DESCRIPTION OF THE TASK = Only one stretch of the records below should be repeated. It starts with the line containing "Pas Cher Thailande" and goes on through the line containing "Lusty Str8 Daddy", exactly as written.

[Items from a dataset]
--- --- ---
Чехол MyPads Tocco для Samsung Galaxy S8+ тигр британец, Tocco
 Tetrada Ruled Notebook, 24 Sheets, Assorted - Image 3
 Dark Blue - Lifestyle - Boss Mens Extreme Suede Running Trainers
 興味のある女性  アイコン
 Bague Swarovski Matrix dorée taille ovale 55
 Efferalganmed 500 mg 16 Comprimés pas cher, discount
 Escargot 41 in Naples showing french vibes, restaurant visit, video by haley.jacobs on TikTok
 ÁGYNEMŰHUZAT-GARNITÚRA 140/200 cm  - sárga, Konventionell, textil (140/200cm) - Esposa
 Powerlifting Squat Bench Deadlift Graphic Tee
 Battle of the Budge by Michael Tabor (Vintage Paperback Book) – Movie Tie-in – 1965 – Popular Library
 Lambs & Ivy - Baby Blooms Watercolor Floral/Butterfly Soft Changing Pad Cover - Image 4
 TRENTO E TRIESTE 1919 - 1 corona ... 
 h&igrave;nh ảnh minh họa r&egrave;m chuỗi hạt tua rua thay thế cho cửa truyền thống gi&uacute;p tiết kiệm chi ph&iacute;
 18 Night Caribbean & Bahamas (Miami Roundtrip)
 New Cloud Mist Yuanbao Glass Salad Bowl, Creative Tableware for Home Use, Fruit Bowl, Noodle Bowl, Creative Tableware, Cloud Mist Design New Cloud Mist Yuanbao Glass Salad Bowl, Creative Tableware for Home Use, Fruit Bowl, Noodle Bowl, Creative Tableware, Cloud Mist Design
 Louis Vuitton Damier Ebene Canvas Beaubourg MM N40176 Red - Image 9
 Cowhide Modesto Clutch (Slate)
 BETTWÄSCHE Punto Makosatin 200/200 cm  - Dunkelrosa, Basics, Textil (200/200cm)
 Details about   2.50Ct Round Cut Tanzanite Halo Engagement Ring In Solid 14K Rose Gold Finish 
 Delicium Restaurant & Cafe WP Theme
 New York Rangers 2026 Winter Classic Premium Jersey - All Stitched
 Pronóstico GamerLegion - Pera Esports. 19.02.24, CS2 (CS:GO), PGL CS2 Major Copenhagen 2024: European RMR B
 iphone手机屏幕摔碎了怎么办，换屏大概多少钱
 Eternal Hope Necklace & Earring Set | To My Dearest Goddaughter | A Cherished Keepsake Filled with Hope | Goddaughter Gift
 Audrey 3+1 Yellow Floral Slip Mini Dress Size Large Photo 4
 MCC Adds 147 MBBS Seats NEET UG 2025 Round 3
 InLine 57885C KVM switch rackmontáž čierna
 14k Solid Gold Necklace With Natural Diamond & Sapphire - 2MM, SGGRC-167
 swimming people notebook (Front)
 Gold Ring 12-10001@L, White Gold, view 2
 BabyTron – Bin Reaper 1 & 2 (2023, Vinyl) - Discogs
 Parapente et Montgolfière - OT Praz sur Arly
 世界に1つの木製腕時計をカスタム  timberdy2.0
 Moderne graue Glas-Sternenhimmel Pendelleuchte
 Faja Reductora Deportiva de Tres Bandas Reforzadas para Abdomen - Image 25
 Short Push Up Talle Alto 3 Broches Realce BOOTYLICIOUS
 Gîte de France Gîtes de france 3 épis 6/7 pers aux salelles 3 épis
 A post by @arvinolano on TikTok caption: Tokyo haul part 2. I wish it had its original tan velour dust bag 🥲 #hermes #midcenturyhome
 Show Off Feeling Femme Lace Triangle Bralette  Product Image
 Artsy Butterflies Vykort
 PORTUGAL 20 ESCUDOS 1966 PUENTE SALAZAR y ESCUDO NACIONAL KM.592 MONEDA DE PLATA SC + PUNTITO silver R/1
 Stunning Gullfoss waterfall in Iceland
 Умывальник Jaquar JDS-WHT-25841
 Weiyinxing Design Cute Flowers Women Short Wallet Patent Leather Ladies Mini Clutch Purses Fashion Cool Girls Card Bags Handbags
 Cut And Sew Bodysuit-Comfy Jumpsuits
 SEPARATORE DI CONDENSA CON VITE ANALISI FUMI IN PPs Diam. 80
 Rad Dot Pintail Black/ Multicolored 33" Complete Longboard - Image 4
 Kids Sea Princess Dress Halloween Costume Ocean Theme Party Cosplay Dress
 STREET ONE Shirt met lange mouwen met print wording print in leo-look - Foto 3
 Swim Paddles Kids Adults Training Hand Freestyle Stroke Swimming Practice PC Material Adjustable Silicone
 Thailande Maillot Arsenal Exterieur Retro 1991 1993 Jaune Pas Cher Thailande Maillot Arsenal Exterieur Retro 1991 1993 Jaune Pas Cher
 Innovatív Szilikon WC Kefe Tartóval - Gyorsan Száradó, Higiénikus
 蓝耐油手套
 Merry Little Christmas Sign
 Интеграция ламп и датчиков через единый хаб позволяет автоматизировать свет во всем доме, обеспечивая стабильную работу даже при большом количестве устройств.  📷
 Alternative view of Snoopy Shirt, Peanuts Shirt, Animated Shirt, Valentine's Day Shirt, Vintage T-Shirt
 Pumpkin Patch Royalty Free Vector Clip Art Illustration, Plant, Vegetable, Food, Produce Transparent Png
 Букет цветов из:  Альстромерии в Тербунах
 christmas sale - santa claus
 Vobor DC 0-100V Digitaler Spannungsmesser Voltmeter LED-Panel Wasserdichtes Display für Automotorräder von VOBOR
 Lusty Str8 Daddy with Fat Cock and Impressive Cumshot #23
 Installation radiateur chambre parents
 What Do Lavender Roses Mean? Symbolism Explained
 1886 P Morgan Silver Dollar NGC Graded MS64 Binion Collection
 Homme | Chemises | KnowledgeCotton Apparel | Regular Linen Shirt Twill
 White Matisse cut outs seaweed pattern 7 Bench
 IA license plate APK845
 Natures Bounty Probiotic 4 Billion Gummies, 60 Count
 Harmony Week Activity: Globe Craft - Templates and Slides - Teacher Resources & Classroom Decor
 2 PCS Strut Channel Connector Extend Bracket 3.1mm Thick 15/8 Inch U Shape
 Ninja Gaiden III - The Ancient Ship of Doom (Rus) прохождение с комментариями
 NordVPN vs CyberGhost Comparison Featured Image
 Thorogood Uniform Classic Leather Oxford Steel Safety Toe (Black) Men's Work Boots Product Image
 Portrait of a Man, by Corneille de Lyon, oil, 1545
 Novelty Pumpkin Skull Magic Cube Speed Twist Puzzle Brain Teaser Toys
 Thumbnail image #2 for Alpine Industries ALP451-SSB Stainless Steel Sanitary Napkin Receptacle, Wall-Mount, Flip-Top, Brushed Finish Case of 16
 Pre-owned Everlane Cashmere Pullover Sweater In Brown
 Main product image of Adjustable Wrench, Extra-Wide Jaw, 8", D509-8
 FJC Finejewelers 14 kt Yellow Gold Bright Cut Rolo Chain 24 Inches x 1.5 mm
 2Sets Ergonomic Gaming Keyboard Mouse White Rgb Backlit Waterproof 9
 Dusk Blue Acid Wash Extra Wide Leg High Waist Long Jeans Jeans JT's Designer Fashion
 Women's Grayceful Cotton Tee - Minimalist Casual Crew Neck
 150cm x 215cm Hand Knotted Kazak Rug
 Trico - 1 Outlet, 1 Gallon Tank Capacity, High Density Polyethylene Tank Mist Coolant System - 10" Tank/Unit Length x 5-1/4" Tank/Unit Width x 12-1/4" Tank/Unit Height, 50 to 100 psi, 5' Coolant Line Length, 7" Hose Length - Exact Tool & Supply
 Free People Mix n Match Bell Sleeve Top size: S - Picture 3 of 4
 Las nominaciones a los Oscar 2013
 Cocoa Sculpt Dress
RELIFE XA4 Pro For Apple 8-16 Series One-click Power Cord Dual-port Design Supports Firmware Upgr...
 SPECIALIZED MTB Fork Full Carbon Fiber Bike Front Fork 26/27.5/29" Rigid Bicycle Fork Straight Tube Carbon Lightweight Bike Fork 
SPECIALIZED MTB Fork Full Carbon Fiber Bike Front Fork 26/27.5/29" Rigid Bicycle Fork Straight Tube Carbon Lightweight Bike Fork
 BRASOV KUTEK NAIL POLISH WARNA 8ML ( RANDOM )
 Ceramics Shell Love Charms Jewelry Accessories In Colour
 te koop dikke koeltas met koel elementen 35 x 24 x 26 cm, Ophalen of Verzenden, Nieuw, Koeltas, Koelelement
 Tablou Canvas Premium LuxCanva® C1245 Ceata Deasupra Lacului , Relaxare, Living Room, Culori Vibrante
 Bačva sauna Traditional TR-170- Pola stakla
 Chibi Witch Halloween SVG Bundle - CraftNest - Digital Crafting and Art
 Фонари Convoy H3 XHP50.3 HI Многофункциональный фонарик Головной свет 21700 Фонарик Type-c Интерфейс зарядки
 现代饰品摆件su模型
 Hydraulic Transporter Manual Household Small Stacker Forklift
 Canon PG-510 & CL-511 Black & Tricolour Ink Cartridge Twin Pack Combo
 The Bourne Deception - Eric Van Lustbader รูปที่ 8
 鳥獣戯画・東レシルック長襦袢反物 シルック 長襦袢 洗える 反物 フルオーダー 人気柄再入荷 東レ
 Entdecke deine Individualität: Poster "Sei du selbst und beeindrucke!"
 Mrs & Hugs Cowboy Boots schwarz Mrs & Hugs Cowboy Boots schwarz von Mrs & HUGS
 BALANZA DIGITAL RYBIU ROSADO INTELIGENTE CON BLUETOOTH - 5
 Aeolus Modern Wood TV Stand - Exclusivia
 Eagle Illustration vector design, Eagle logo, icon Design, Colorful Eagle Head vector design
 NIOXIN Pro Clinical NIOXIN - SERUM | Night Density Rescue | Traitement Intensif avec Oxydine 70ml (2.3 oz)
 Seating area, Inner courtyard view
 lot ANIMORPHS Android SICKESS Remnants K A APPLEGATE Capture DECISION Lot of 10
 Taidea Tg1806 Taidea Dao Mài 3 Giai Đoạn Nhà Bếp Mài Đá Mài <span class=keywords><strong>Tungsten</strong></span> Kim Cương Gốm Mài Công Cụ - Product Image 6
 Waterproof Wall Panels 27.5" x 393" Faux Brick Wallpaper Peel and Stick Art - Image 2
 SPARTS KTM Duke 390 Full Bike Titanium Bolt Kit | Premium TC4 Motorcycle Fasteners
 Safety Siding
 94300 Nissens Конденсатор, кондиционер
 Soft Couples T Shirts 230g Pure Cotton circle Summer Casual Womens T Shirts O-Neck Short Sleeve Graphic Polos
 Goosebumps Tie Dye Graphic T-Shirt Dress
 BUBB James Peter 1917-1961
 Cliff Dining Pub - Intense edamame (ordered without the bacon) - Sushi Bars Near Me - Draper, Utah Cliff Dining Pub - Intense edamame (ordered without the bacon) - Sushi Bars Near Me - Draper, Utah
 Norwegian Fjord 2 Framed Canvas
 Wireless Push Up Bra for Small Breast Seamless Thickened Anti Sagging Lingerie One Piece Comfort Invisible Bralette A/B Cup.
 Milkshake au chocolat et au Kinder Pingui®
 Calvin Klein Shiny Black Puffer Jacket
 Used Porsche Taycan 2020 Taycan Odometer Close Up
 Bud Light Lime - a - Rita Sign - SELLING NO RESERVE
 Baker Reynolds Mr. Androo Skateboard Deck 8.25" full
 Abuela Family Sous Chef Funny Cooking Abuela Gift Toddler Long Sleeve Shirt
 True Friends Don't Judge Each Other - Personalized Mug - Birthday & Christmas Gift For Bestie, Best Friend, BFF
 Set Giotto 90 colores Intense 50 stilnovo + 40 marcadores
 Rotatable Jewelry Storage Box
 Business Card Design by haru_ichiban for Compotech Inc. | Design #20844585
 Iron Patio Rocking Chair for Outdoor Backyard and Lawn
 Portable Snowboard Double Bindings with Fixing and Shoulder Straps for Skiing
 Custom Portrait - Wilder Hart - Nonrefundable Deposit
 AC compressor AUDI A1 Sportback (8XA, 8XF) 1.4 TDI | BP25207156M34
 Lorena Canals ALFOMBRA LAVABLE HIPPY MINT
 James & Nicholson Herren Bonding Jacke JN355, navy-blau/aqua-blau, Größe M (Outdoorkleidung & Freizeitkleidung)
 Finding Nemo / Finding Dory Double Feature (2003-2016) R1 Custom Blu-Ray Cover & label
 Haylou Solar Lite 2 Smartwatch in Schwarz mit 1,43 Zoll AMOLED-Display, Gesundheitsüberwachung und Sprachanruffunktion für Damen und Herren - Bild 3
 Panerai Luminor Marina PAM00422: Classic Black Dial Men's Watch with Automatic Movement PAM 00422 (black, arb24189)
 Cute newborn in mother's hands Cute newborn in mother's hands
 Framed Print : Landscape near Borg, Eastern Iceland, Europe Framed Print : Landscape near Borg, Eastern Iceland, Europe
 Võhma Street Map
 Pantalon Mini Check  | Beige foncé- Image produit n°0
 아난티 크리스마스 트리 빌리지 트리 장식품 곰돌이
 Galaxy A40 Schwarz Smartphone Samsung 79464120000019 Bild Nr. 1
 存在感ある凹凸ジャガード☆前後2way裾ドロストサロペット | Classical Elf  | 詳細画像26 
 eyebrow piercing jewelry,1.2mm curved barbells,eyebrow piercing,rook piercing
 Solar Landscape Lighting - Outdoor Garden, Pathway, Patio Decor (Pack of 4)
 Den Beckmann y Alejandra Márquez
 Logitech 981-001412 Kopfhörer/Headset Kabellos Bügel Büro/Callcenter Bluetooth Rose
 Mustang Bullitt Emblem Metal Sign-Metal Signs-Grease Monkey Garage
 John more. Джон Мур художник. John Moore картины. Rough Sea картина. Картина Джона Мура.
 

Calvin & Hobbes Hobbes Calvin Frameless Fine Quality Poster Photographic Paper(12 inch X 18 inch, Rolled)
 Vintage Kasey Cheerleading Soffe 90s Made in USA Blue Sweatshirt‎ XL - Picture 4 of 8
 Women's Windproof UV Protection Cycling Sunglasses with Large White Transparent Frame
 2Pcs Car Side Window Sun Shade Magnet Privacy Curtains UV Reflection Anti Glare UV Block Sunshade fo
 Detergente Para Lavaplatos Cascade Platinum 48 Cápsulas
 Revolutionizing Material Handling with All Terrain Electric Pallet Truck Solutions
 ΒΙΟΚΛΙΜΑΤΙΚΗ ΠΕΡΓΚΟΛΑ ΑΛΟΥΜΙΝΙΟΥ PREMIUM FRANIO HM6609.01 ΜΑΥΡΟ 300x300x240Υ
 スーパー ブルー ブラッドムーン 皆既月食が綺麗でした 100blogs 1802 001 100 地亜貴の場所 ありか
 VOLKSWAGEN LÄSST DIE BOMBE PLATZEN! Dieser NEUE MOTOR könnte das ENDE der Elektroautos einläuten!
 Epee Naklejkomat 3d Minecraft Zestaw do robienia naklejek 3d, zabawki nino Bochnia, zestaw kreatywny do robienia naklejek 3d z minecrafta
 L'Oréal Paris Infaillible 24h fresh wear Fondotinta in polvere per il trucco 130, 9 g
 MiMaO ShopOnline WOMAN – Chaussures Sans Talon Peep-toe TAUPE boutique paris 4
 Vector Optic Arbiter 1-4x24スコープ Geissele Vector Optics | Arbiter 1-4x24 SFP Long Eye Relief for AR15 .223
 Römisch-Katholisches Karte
--- --- ---
RESPONSE TO THE TASK =
 Thailande Maillot Arsenal Exterieur Retro 1991 1993 Jaune Pas Cher Thailande Maillot Arsenal Exterieur Retro 1991 1993 Jaune Pas Cher
 Innovatív Szilikon WC Kefe Tartóval - Gyorsan Száradó, Higiénikus
 蓝耐油手套
 Merry Little Christmas Sign
 Интеграция ламп и датчиков через единый хаб позволяет автоматизировать свет во всем доме, обеспечивая стабильную работу даже при большом количестве устройств.  📷
 Alternative view of Snoopy Shirt, Peanuts Shirt, Animated Shirt, Valentine's Day Shirt, Vintage T-Shirt
 Pumpkin Patch Royalty Free Vector Clip Art Illustration, Plant, Vegetable, Food, Produce Transparent Png
 Букет цветов из:  Альстромерии в Тербунах
 christmas sale - santa claus
 Vobor DC 0-100V Digitaler Spannungsmesser Voltmeter LED-Panel Wasserdichtes Display für Automotorräder von VOBOR
 Lusty Str8 Daddy with Fat Cock and Impressive Cumshot #23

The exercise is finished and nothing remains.